Project 1: Image Filtering and Hybrid Images

Example output of sobel filter

In this project I implemented the code to generate hybrid images. This was done by implementing the filtering operation and extracting low frequencies from one image and the high frequencies from the other image and summing it up. The low frequencies correspond to blurrier image which can be obtained by convolving the image with a guassian filter. The high frequency component of an image can be obtained by subtracting the blurrier component of the image.

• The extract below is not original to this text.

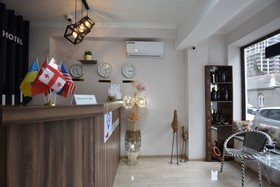 Day Room Art Hotel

Based on the examples provided the following five hybrid images were constructed
  1. cat and dog
  2. einstein and marilyn monroe
  3. bird and plane
  4. fish and submarine
  5. bicycle and motorcycle

Implementation details

I first implemented the code as a loop. Let filter_rows and filter_cols denote the number of rows and columns in the filter respectively. To calculate each pixel in the output image, I was doing filter_rows * filter_cols multiplication operations. This was very slow and took more than 5 minutes when the filter size was large. The next thing I tried was using the matlab inbuilt functions im2col and bsxfun which allowed me to unfold the image for each of the distinct filter positions (while sliding) and do a matrix vector multiplication as a single operation. This improved the speed of the code manifold. Simple padding with zeros was used

Example of code with highlighting

The following is the code snippet from my implementation


%example code
filter = imrotate(filter, 180);

%Get the size of input image and the filter
[rows, cols, channels] = size(image);
[filter_rows, filter_cols] = size(filter);

nr_rows_to_pad = (filter_rows-1)/2;
nr_cols_to_pad = (filter_cols-1)/2;
padded_image = padarray(image, [nr_rows_to_pad, nr_cols_to_pad ]);

output = zeros(rows, cols, channels);
for channel=1:channels;
  img = padded_image(:,:,channel);
  %Using the loop version of convolution was very slow. im2cols takes a
  %sliding convolution kernel(matrix) and emits one column for each
  %distinct position of the sliding matrix. The values are read columnwise.
  img_to_col = im2col(img, [filter_rows, filter_cols]);
  filter_as_col = reshape(filter, [filter_rows*filter_cols 1]);
  %multiply the filter with the col in a single operation
  conv = bsxfun(@times, img_to_col, filter_as_col);
  
  %Take the sum to compute the final value of the pixel
  conv = sum(conv);
  
  %Reshape back to an image
  output(:,:, channel) = col2im(conv, [1 1], [rows cols]);
end


The following is the output produced for the five pairs

Note that the filter was rotated by 180 degree before convolving with the image. This is because filter operation is actually convolving with the filter rotated by 180 degree.